4. Argument Example #2

The second argument to analyze is an image, one of the many visual arguments you likely encounter on a daily basis. The original image was posted at, though its creator is unknown. Since the original posting, the image (and its feminist critique) has been shared widely through social media.

The thesis of this argument is that the National Football League (NFL) tries to camouflage acts of domestic violence committed by players and other personnel, but it can't hide them forever. As with many images, the primary appeal is one of pathos. When confronted with an image of a beautiful football fan with a half-closed black eye, most viewers feel a combination of empathy (with the victim), and irony (in response to the manufactured image). Underlying the appeal to pathos, however, is an appeal to logos: an insistence on the reality of domestic violence, and the practice of covering it up when it is committed by NFL players, coaches, and staff members.

The purpose of this image seems to be to call attention to the NFL's hypocrisy, and its mishandling of the Ray Rice domestic abuse case and other cases of abuse. The image is participates in an ongoing conversation regarding the treatment of women in America.

Credibility is difficult to evaluate in an argument like this one.
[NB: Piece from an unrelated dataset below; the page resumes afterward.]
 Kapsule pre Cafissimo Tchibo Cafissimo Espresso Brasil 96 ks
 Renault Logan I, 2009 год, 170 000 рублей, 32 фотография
The image seems credible because it makes its case directly and unequivocally. However, it relies on emotion and irony, rather than reason and evidence (forms of support often used to establish credibility).

In responding to this image, consider whether it is manipulative. If it is, how manipulative is it? Does it make its case dishonestly? Does the importance of the message outweigh the need for reason and evidence? Although the image is compelling, is it effective in accomplishing change or calling attention to an issue, or is it a form of dark humor?

Consider the use of visual elements in this (or any) image. The model's happy, expectant expression is disturbing in the modified image, suggesting that she has been forced to project happiness she doesn't feel. However, the text included in the image — "Get your game face on" — is doubly ironic. It hints that the "game face" is the makeup used to hide the effects of domestic abuse, and that a battered face is a woman's "game face" when the NFL is involved.

This tutorial identified some of the many contexts in which arguments can be found in everyday life. It also outlined how to analyze arguments using rhetorical awareness and engaged reading strategies. Two examples were provided for practicing this analysis.